(Available data Opens)

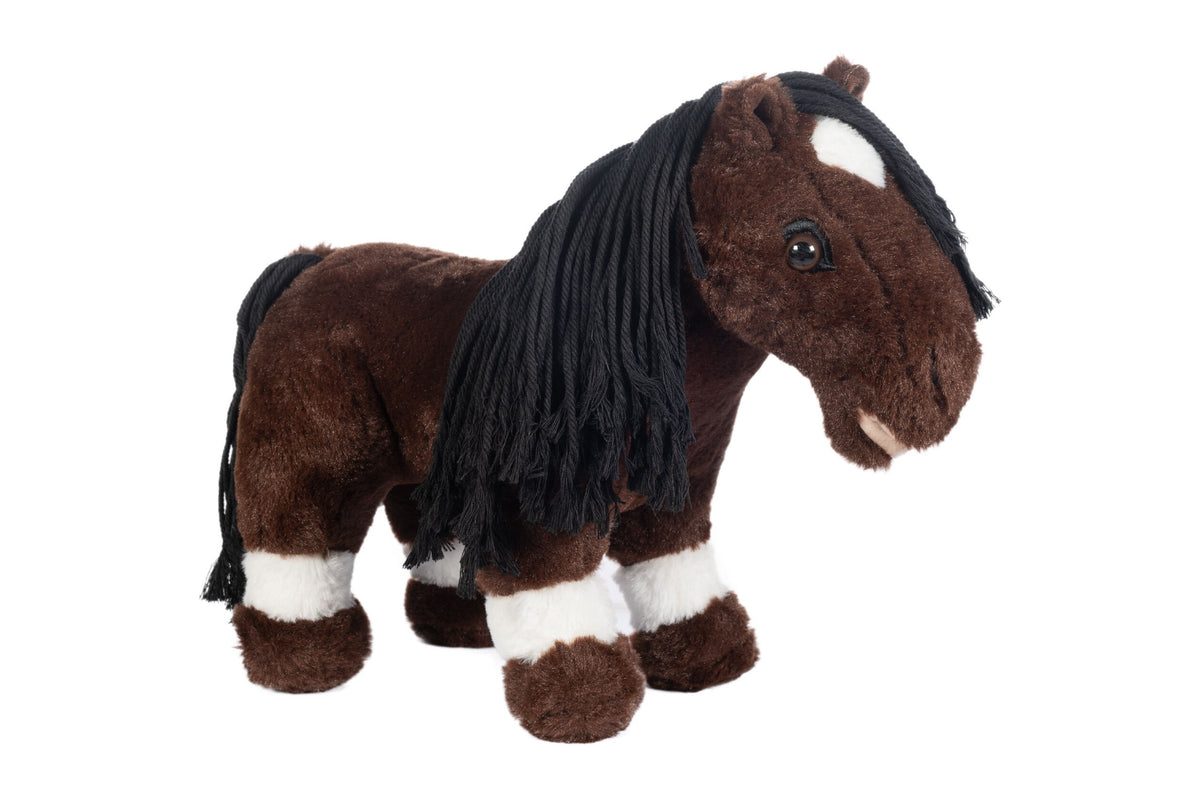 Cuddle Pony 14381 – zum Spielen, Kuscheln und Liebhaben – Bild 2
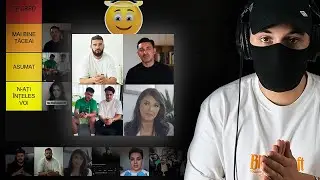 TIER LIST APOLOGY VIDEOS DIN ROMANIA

(Available data Closes)
(Available data Opens)

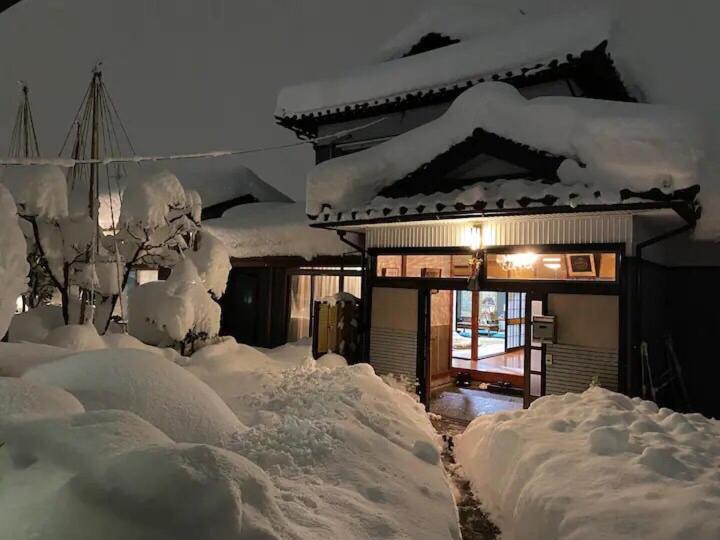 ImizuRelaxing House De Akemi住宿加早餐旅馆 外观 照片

(Available data Closes)
(Available data Opens)

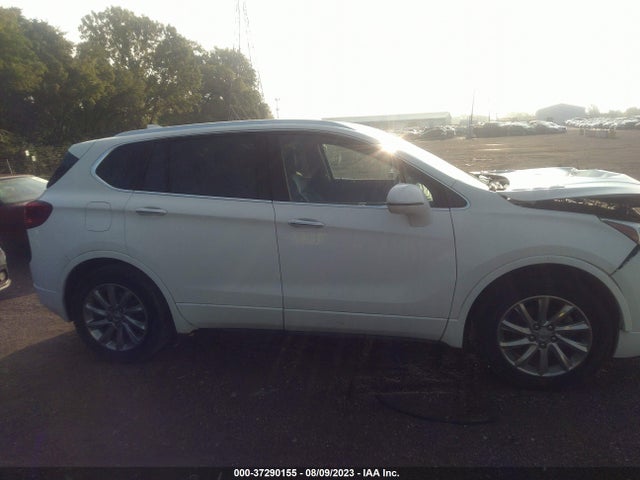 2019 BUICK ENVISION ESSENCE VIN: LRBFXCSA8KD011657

(Available data Closes)

Give the lines above again exactly, from the one containing "Cuddle Pony 14381" to the one containing "TIER LIST APOLOGY VIDEOS DIN ROMANIA", both included, but leave out the pictures.

 Cuddle Pony 14381 – zum Spielen, Kuscheln und Liebhaben – Bild 2
 TIER LIST APOLOGY VIDEOS DIN ROMANIA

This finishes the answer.